Return exactly the lines below, starting with the one that has "Does Ryan Reynolds" and going on through the one that has "Celebración de la".

(Exercise material)

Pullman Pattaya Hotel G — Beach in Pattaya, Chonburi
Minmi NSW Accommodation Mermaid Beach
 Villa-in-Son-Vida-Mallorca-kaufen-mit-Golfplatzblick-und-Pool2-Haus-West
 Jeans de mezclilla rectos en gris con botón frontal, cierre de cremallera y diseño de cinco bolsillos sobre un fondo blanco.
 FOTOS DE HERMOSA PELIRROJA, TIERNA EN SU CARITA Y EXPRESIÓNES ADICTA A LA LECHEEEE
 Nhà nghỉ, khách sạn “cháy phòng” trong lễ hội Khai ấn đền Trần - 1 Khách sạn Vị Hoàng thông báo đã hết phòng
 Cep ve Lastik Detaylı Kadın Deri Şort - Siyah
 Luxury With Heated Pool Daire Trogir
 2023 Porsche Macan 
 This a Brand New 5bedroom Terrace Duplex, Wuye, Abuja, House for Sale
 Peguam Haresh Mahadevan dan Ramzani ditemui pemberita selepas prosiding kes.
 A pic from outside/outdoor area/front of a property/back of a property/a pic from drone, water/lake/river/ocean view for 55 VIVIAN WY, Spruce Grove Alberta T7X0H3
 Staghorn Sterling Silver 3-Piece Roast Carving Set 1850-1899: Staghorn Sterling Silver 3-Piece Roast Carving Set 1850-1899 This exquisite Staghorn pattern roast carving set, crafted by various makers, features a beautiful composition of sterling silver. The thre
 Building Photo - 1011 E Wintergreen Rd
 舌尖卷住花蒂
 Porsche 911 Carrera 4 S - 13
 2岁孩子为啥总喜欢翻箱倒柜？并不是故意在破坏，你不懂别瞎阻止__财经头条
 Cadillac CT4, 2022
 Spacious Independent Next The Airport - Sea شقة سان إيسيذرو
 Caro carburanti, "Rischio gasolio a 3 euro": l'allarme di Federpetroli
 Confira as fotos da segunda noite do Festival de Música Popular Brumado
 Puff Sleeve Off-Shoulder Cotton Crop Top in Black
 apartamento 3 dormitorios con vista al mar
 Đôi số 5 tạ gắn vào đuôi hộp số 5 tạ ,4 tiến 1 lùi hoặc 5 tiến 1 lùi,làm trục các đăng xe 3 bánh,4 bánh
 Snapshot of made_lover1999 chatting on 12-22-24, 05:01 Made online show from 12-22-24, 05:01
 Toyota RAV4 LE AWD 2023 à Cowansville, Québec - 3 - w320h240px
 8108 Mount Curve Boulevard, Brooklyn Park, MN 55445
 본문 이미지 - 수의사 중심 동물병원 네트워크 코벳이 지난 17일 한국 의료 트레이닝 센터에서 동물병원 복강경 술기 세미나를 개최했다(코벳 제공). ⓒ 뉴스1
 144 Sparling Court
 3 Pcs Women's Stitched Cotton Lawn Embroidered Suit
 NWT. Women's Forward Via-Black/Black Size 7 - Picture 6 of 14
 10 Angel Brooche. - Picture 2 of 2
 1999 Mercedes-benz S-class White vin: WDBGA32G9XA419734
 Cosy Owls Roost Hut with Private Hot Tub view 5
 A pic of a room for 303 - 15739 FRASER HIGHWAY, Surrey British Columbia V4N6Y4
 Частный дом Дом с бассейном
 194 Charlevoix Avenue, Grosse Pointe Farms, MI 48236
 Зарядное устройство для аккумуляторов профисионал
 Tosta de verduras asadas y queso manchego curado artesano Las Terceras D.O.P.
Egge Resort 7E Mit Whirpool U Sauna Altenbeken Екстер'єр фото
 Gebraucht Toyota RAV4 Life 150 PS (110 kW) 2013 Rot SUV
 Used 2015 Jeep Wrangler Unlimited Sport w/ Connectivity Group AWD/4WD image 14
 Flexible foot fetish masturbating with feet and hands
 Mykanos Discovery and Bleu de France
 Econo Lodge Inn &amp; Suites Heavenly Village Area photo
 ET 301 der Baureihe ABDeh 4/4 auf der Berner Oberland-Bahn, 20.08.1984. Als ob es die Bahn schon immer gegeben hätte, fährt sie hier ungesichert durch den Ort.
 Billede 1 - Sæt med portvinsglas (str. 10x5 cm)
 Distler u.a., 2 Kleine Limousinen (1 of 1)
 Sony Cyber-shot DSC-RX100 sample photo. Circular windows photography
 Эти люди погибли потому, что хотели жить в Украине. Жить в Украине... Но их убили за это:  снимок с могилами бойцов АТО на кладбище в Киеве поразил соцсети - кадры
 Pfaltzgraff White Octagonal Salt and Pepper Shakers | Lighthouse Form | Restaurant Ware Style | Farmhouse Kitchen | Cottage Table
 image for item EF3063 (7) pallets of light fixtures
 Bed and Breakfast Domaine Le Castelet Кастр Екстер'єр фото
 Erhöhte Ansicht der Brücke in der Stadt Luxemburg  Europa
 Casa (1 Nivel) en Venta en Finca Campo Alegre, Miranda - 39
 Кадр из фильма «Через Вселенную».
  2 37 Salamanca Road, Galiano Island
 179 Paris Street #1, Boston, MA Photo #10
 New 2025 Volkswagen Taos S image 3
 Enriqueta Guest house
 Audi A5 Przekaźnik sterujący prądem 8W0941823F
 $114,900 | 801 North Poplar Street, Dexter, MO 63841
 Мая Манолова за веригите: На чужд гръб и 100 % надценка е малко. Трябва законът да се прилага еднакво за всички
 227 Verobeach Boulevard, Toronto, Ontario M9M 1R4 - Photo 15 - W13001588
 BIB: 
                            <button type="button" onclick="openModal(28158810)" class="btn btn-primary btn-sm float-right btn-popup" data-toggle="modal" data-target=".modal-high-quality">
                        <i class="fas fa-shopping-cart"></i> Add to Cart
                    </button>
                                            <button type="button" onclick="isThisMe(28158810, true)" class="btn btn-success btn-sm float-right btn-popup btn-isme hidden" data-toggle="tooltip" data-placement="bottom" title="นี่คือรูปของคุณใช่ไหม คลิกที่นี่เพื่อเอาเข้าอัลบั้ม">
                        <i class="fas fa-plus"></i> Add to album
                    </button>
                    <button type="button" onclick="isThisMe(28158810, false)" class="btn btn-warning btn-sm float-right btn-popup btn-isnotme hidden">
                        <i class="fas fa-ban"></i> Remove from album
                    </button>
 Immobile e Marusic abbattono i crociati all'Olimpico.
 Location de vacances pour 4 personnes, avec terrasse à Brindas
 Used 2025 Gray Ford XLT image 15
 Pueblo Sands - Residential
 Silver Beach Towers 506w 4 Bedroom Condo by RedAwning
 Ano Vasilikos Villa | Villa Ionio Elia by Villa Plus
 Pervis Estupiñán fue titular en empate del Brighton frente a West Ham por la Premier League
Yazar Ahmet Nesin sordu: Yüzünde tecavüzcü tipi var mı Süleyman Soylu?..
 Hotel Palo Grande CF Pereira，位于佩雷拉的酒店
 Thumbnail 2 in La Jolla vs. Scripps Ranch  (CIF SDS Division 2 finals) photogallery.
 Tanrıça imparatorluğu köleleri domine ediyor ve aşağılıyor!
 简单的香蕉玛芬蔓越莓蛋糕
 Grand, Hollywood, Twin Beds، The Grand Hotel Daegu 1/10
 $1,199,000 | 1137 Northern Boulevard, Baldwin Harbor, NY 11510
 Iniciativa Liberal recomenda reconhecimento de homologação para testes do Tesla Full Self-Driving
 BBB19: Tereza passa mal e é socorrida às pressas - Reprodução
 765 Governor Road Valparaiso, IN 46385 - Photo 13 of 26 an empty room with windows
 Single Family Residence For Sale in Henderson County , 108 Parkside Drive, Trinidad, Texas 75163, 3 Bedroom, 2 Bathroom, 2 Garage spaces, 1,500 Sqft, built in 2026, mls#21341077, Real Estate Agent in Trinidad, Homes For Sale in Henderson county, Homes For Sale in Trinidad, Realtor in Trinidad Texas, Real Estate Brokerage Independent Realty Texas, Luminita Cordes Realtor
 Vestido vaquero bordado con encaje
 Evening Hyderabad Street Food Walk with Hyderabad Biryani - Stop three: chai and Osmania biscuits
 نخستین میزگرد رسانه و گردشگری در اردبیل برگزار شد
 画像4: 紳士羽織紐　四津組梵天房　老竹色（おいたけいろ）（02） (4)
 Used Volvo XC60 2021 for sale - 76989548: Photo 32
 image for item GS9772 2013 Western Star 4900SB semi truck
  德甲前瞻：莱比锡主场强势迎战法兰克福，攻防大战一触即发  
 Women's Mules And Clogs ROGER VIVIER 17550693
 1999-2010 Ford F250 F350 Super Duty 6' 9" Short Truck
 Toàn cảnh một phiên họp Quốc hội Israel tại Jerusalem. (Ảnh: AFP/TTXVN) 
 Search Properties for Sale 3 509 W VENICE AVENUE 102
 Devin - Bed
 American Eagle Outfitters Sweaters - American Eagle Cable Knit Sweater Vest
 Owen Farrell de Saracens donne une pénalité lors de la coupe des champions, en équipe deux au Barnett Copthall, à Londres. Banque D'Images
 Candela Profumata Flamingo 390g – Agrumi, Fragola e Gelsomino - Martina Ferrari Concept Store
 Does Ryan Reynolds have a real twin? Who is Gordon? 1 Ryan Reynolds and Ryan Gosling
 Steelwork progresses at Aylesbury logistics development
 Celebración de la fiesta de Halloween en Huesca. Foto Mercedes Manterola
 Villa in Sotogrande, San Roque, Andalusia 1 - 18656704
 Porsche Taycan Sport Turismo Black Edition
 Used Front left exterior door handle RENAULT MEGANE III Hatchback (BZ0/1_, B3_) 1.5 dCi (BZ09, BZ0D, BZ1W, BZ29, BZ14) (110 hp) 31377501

(End Exercise material)

[Your response]
 Does Ryan Reynolds have a real twin? Who is Gordon? 1 Ryan Reynolds and Ryan Gosling
 Steelwork progresses at Aylesbury logistics development
 Celebración de la fiesta de Halloween en Huesca. Foto Mercedes Manterola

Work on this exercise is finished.